Demokratie ist eine Staatsform. „Unsere Demokratie“ ein Geschäftsmodell.
Bitte nicht die Hirnlosigkeit der Wessis durch die Finanzierung von irgendwelchen idiotischen Kampagnen entschuldigen. Wenn die Wessis zu blöd und zu feige sind sich selber Gedanken zu machen, ist das deren Schuld und nicht die von dubiosen Finanzierungen von Werbekampagnen.
Werbekampagnen: Grundsätzlich gebe ich Ihnen erstmal recht. Dann aber: Wie verträgt sich das mit folgender Regulierung:
„Durch digitale Technologien hat sich politische Werbung stark verändert. Ohne Regulierung könnte dies die Demokratie beeinträchtigen.“, vgl. https://www.europarl.europa.eu/topics/de/article/20230202STO71504/warum-neue-eu-vorschriften-fur-politische-werbung-wichtig-sind
Durch große Geldsummen hat sich die politische Werbung im Rahmen von Volksabstimmungen stark verändert…..

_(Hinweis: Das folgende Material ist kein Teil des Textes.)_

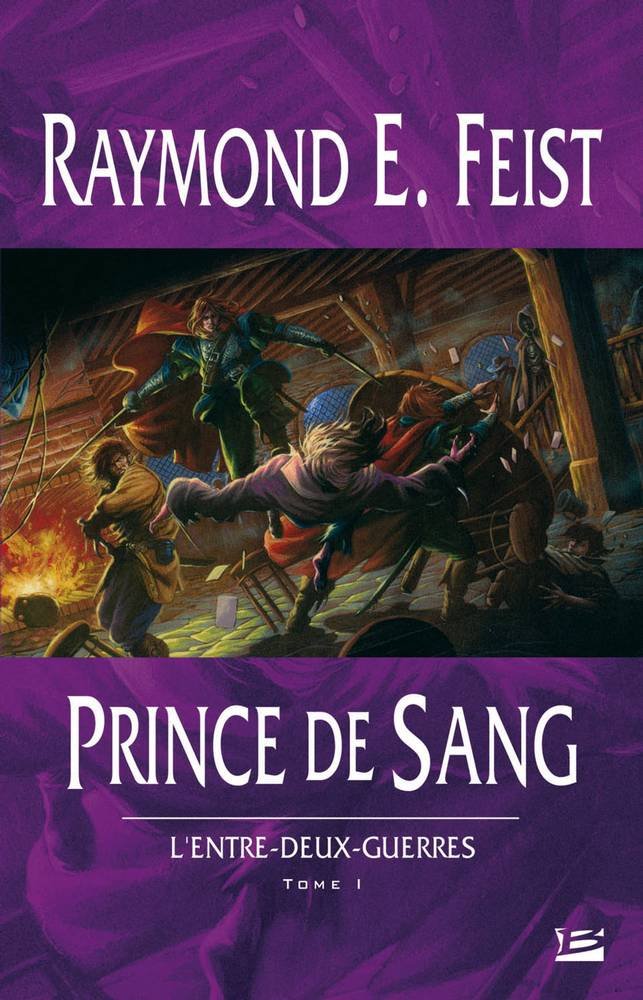 Prince de sang, tome 1 : L'Entre deux guerres 9782915549324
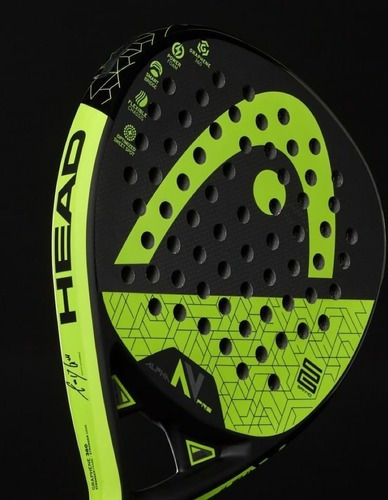 Raquete de pádel Head Graphene 360 Alpha Pro V 2021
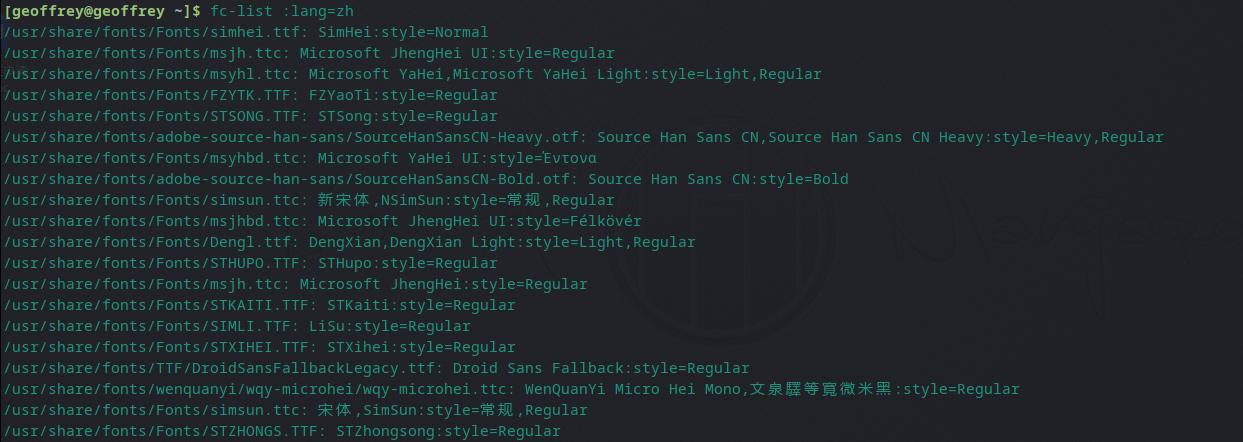 怎么解决Jupyter Notebook中文不能显示的问题
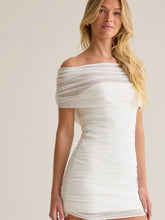 Serene One Shoulder Mini Dress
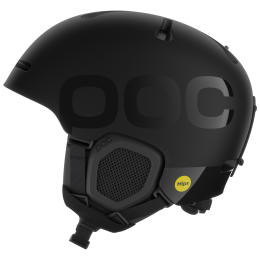 Kask narciarski POC Fornix BC czarny Uranium Black Matt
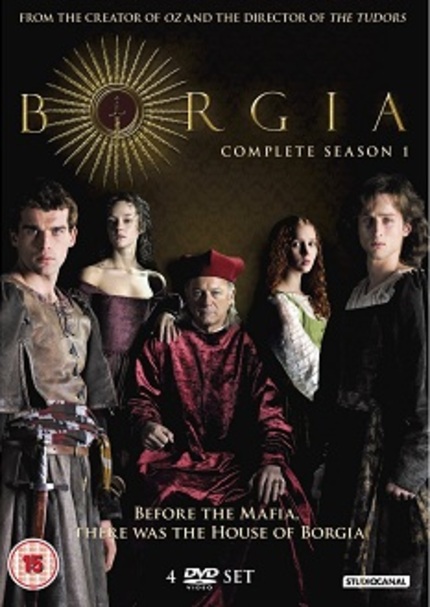 DVD Review: BORGIA Complete Season 1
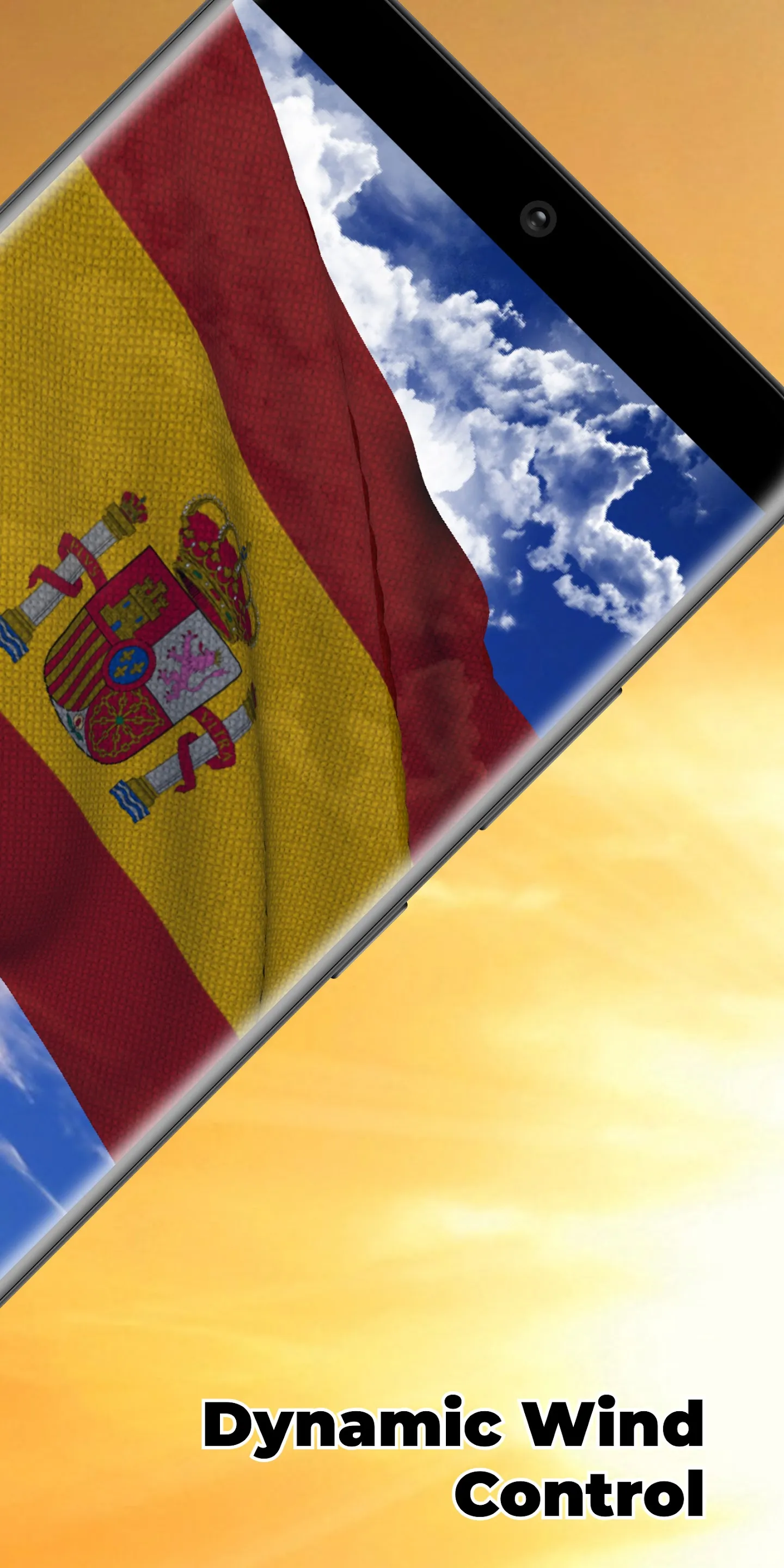 Spain Flag Live Wallpaper | Indus Appstore | Screenshot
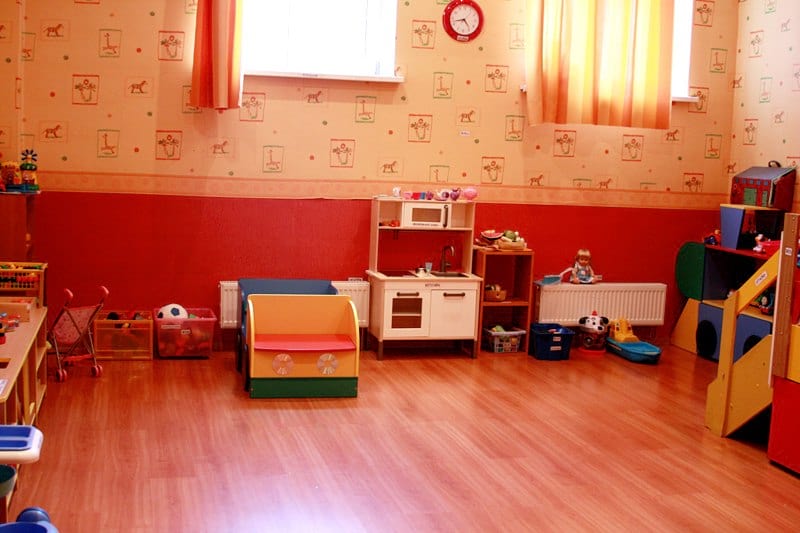 Частный детский сад «Взмах» в Центральном районе – интерьер детского сада «Взмах центр»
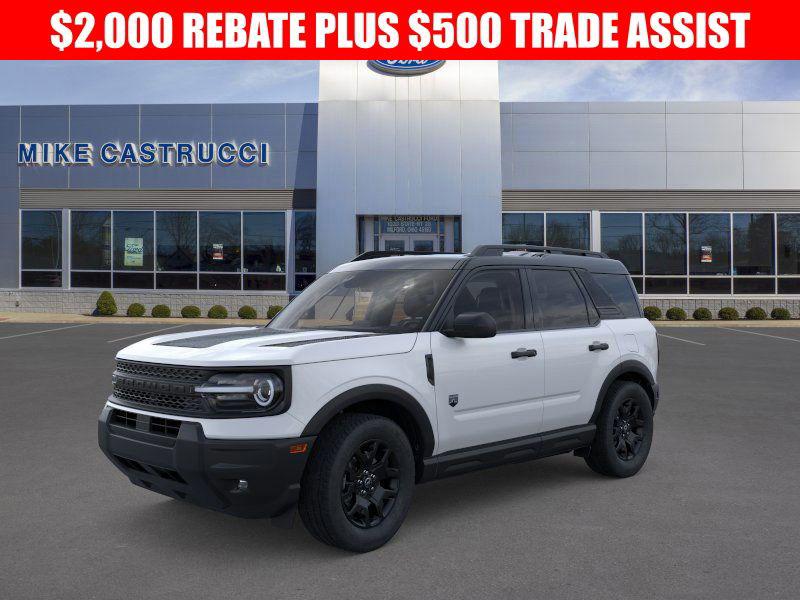 2025 Ford Bronco Sport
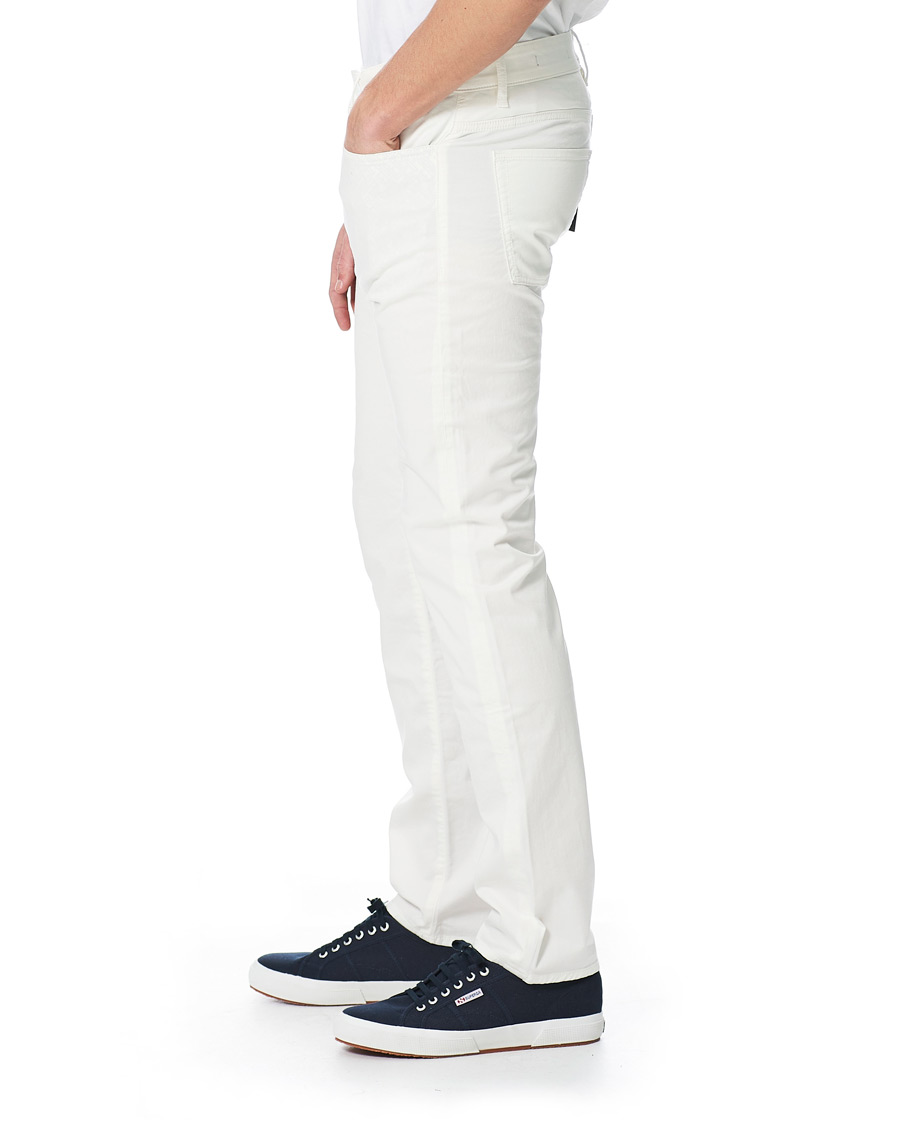 Herre | Bukser | BOSS BLACK | BOSS Delaware 5-Pocket Pants Open White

Die regierenden Eliten scheinen da irgendwo eine Grenze zu setzen.
> Parteien dürfen so nicht finanziert werden – Volksinitiativen schon. Ergebnis: Einmischung und Zerstörung der Wirtschaft Deutschlands.
Keine Finanzierung und Einmischung würde irgend etwas zerstören, würde der Michel graue Zellen nutzen und nicht ständig selbst auf plumpeste Framings reinfallen.